レベッカ・キャスト感想ー平野、涼風、山口、石川
わたし:平野 綾
すごく丁寧に演技している...!というのが全体を通しての印象でした。
プロローグ、「ゆうべ~夢~をみ~たの~」。マンダレイの出来事を振り返るこの場面では、しっかりした強い声で歌っていた綾ちゃんわたし。ここでは、わりと存在感あり。
でもモンテカルロでの21歳のシーンへと移った途端、良い意味で色が褪せました。
わたしのキャラは金髪なんだけれど、その金髪もキラキラしているようには見えなくて、主人公の自信がないおどおどした雰囲気にガラリと変っていました。
そして、ヴァン・ホッパー夫人(森公美子さん)が呼び止めた、マキシム(山口祐一郎さん)が同席した途端、マキシムと声を交わす前から、突然、ふふふっと下を向いてニコニコしているのを確認!
これってたぶん妄想しているよね?
原作の主人公がまさにそんな感じで、ちょっとした出来事から目の前がバラ色になったり地獄になったり、妄想が止まらないタイプで、非常に原作のわたしに似ているなーと思いました。
綾ちゃんわたしは、とにかく自信がなくて、孤独感もとても強い感じ。
ちーちゃんわたしの場合、マキシムはわたしの純粋さや優しさに惹かれたんだなと思ったのだけれど、綾ちゃんわたしの場合、わたしの孤独感にもマキシムは惹かれたような気がしました。
マキシムが綾ちゃんわたしに対しては、守らなきゃという気持ちが強いような....強い男性がもつ保護欲ではなくて、自分が弱いからこそより弱い女性に惹かれたという表現が正しいかな?
2人でチェスをして、ダンヴァース夫人が現れる前のイチャイチャシーンでは、
わたしの手→マキシムの手→わたしの手・・・とミルフィーユのように重ね合わせていたんですが、これは今までなかったような(笑)

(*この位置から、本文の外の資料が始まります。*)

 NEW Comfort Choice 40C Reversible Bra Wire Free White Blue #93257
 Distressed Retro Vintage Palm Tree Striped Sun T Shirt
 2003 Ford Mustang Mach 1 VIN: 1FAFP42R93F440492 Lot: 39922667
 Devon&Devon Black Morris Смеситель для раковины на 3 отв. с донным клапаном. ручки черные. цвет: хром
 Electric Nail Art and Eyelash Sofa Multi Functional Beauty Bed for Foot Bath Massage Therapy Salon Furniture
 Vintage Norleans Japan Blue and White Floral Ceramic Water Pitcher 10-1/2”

マキシムの告白を聞いたのち、ちーちゃんはガラリと雰囲気が変わるけれど、綾ちゃんは徐々に変るという感じ。
ダンヴァース夫人に対して、「ミセス・ダ・ヴィンターは私よ!」というシーンでは、ちーちゃんは最初からピシャリ!だけれど、綾ちゃんは最初はわりと落ち着いて伝え、話を聞こうとしないダンヴァース夫人に最後に「だって私がダ・ヴィンターなんだから!」と、最後に強く伝えていました。
感情の表し方は、ちーちゃんの方が大きくて、綾ちゃんの方が控えめ。どちらも好きです。
ダンヴァース夫人:涼風真世
この日1番びっくりしたのが、涼風ダンヴァース夫人でした。すごすぎる。。
保坂知寿さんの無表情なダンヴァース夫人も最高でしたが、涼風真世さんの表情豊かなダンヴァース夫人も最高です。

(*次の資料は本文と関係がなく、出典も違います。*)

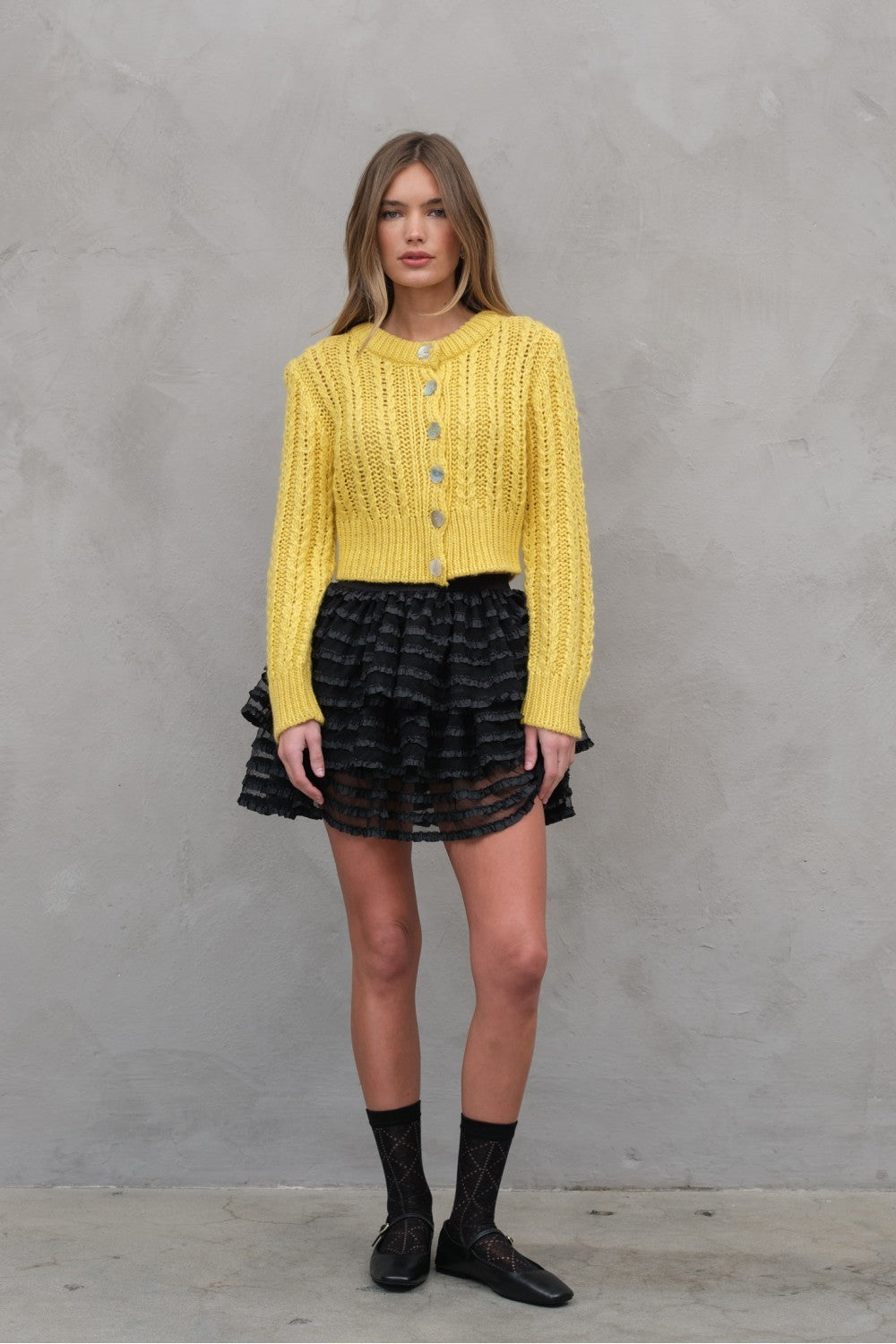 Chunky Wool Cardigan in Yellow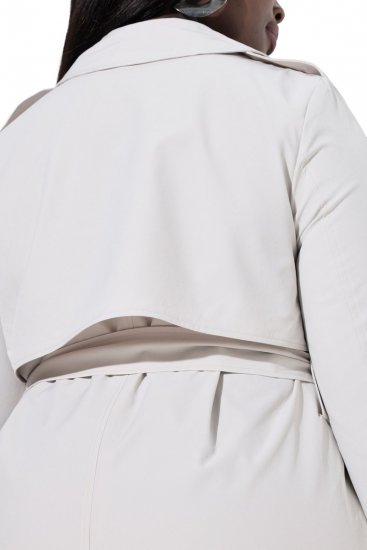 Ulla Popken 834990 Trenchcoat Taupe - Jassen - Grote maten dames jassen
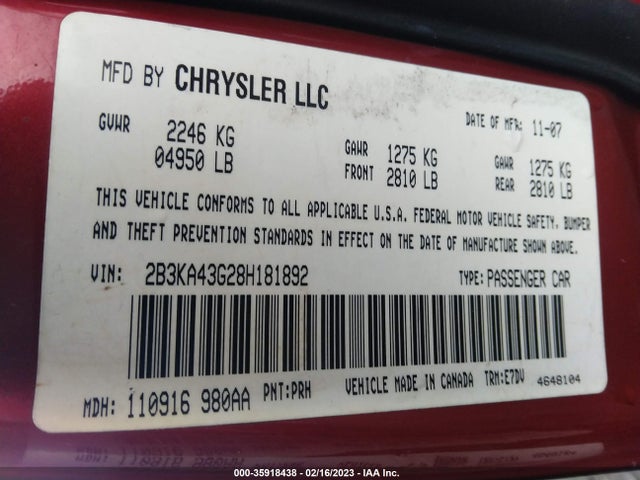 Dodge Charger 2008 2B3KA43G28H181892 Image 10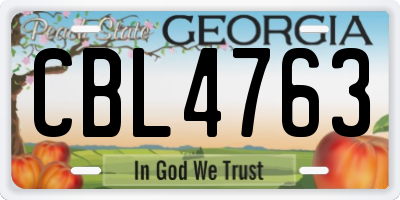 GA license plate CBL4763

どちらかというとダンヴァース夫人はあまり表情を出さない方が自分は好みと思っていましたが、涼風さんダンヴァース夫人の表情は、無表情の豊かさといえば良いのか、レベッカへの熱い想いを冷たい甲羅で包んでいるみたい。
ご本人の透き通った肌と美しい顔が、より怖さを増している気もします。
主題歌の「レベッカ」をはじめ「誰にも負けない」などのビッグナンバーの歌がすごい迫力で、超歌うまーなダンヴァース夫人です。
そういえば、私が知っている涼風真世さんの歌声の中で、今回が一番、低い音程の曲があるかも。今までに聞いた事がないような低い声で歌っている箇所がありました。
でもそのまま地声で高音も出せるからすごいですよね。
私の記憶にある限り、涼風さんの舞台で声の不調を感じた事がないです。全ての公演をみているわけではないですが、リーバイさんとクンツェさん作品にはよく出ていらっしゃるし、貴婦人の訪問やマディソン郡でもいつも安定して歌われてた記憶があります。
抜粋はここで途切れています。